Copy the page URI to the clipboard
Kimber, Elizabeth
(2024).
DOI: https://doi.org/10.21954/ou.ro.00100845
Abstract
This thesis explores secondary mathematics classroom discourse on functions, graphs and change. I use systemic functional linguistics (SFL) to identify features of teachers’ and students’ speech and examine how these contribute to the ideational, interpersonal and textual metafunctions, in combination with analysis of gestures. I consider how these features afford meanings for graphs and change in the classroom and curriculum context. My overall focus is how language and gesture construct covariation of variables and portray graph shape as arising from this covariation.
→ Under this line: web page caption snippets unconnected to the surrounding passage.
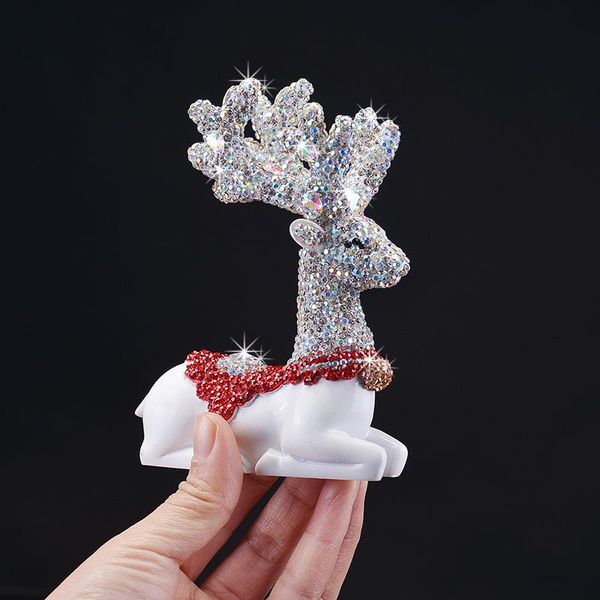 interior decorations creative car decoration accessories rhinestone deer instrument center console stylish and exquisite
interior decorations creative car decoration accessories rhinestone deer instrument center console stylish and exquisite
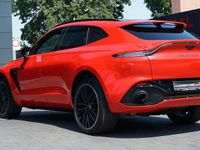 Gebraucht Aston Martin DBX 551 PS (405 kW) 2021 Rot metallic SUV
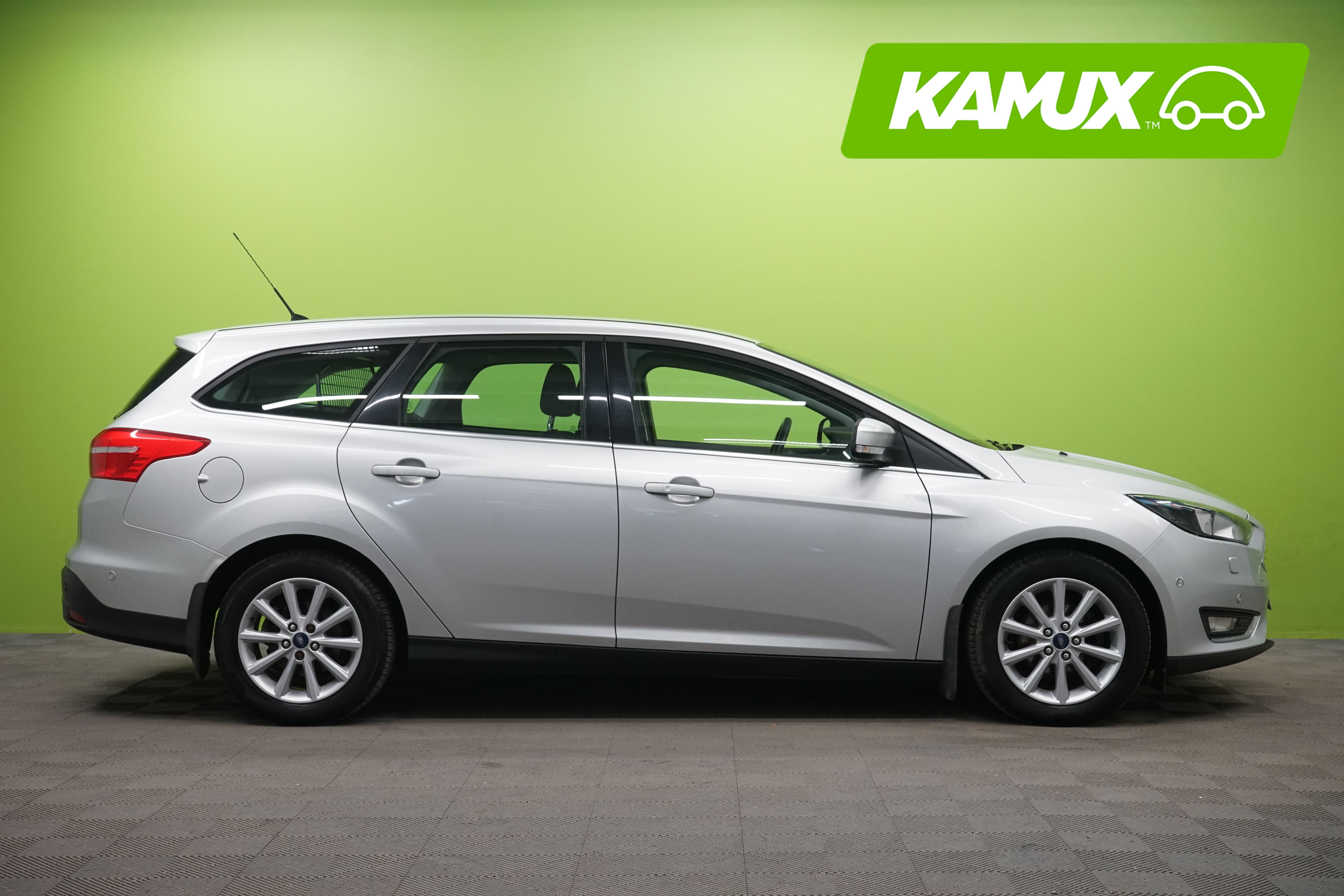 Ford Focus 2017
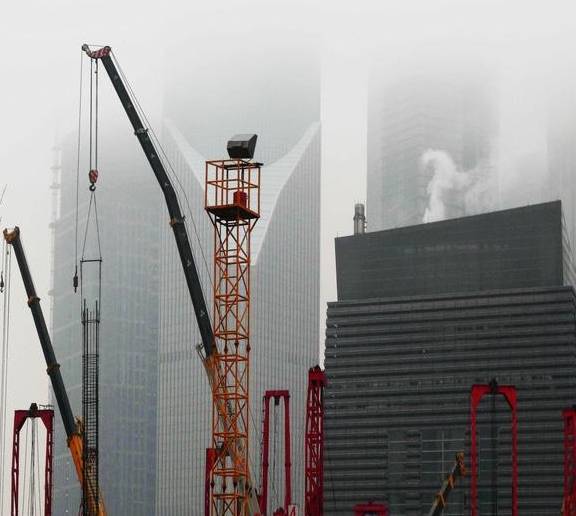 原创 香港中国旅游签约摄影师黎为民：城市建筑摄影，另类的点线面3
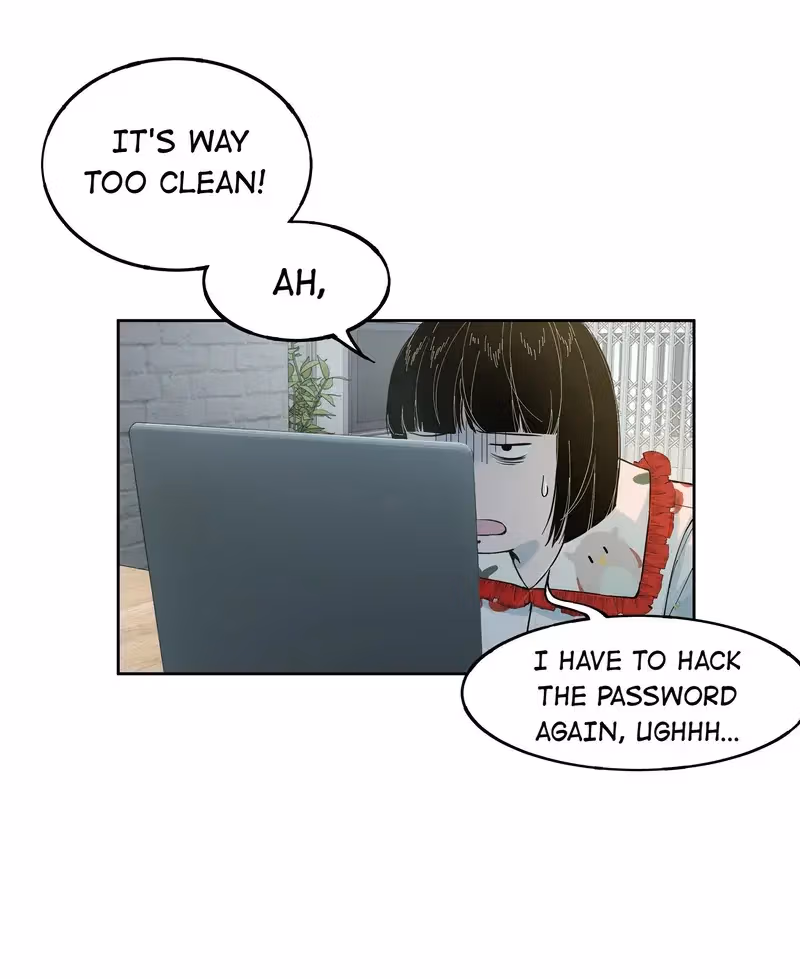 I Know Your Secret Chapter 49 page 19 - 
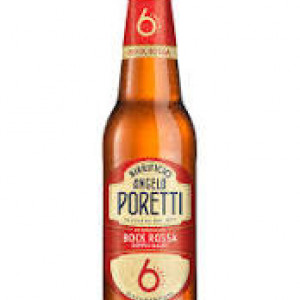 BIRRA PORETTI 6 LUPPOLI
My study adds insights and detail to research literature on functions, graphs and change by explaining, from an SFL perspective, how linguistic choices in classroom settings construct ideas of change and covariation.
My study concerns graphical representations of functional relationships, prior to formal calculus, in the curriculum in England for students aged 14-16. I draw on data from thirteen lessons across four teachers, students’ written work, six teacher interviews, and online teaching videos from two further teachers. I assemble a collage of snapshots of classroom discourse on functions, graphs and change, including gradients of curves, graph sketching, kinematics, numerical methods, and transformations. My analyses of these snapshots allow me to compare discourse from different topics and question how teachers’ language constructs meanings for students’ understanding of graphs and variable change.
I identified features of classroom discourse on graphs: material activity of humans and graphs, movement between formal and informal language, and repetition with variation. I explore how these intertwine activity of people and mathematical objects, connect representations, and manage information flow. I argue that through speech portraying motion, dynamic gestures, or vivid dynamic descriptions of graphs, teachers’ and students’ informal linguistic choices construct change and covariation and connect these with graph shape. I argue too that graph descriptions using formal conventional mathematical language may have lower affordances than unconventional informal language for constructing graphs as arising through smooth covariation.